Я понятия не имею, что пошло не так. Я лишь помню, что очнулся в «Скорой», уверенный, что я все еще в Ле-Мане, и потребовал от медсестры выпустить меня: «Меня укачивает! Пожалуйста, выпустите меня! Остановите машину!» – кричал я.
Пожалуй, я был немного агрессивен. Выяснилось, что в случае сотрясения мозга это нормально. Сестра сказала, что они не могут остановить машину «Скорой помощи», и спросила, сколько мне лет. «28», – ответил я и снова потерял сознание.
В гудвудской больнице я встретил Дарио Франкитти, лежавшего на соседней койке. «Что с тобой случилось?» – спросил я. «Авария», – ответил Дарио. В следующий момент мы оба отключились.
Судя по всему, в течение следующих шести часов этот нехитрый диалог повторялся раз десять, в то время как мы то приходили в себя, то снова теряли сознание, пока нас не перевели в отделение для сна.
Несколькими днями позже я позвонил Джастину Лоу, пилоту, который ехал позади меня, и спросил, может ли он рассказать, что произошло.
– Ну, это было очень странно, – сказал он. – Перед изломом на задней прямой задние колеса начали скользить. Их сносило, пока машину окончательно не развернуло и бросило в отбойник. Со стороны инцидент выглядел очень странно, не ожидаешь, что зад может так повести.
Мы никогда не узнаем причину, потому что правое колесо было разрушено в аварии, но маршал, стоявший на этой прямой, сообщил по рации, что шина казалась спущенной. Поэтому наиболее вероятная причина – прокол.

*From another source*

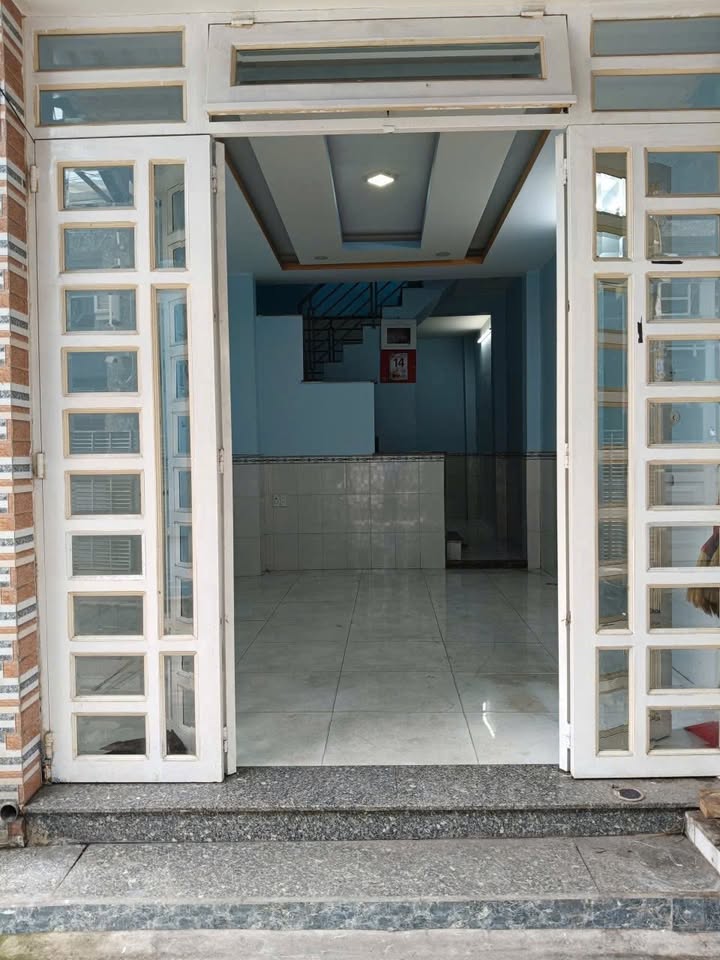 Nhà cho thuê hẻm xe hơi Tân Chánh Hiệp 36, Quận 12 - Giá 6 triệu/tháng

Автомобиль пострадал, но не так сильно, как GT40 – достаточно было выправить пару деталей.
В общем, суть в том, что в течение трех-четырех месяцев я попал в две большие аварии и приобрел репутацию крэшера, которая преследует меня по сей день (немного несправедливо, ведь я далеко не единственный, у кого был подобный опыт).
Ближе к концу года мы с Джо и Робом Уилсоном, еще одним нашим другом, выступили на BMW в шестичасовой гонке в Мизано. Мы заняли второе место, и это помогло вернуть хоть какую-то уверенность в собственных силах. Позднее Джо, со всеми своими многочисленными контактами, договорился о нашем участии в «24 часах Ле-Мана» на Ferrari класса GT2. Автомобиль принадлежал Бену Окутту, еще одному нашему другу и гонщику-любителю, так что среди 55 машин на стартовой решетке мы были единственным полностью любительским экипажем.
Ле-Ман – это удивительное событие. Наряду с Гран-при Монако и «500 милями Индианаполиса» этот марафон входит в тройку наиболее престижных кольцевых гонок в мире. Выходить на старт на таком уровне в качестве любителя – одновременно и волнующе, и пугающе. Джо, Бен и я договорились, что нашей целью будет просто добраться до финиша, что само по себе оказывало давление на каждого из нас, поскольку никто не хотел подвести товарищей по команде. После аварий на GT40 и E-Type я по-настоящему нервничал. Дополнительное напряжение влияло на мой пилотаж, я ехал жестче и не мог поймать ритм.
Чуть ранее в тот день я заметил полутораметровый плакат с рекламой гонки. Я тогда недальновидно пошутил, что Джо, который де-факто был нашим спортивным директором, должен достать нам один из этих плакатов на память.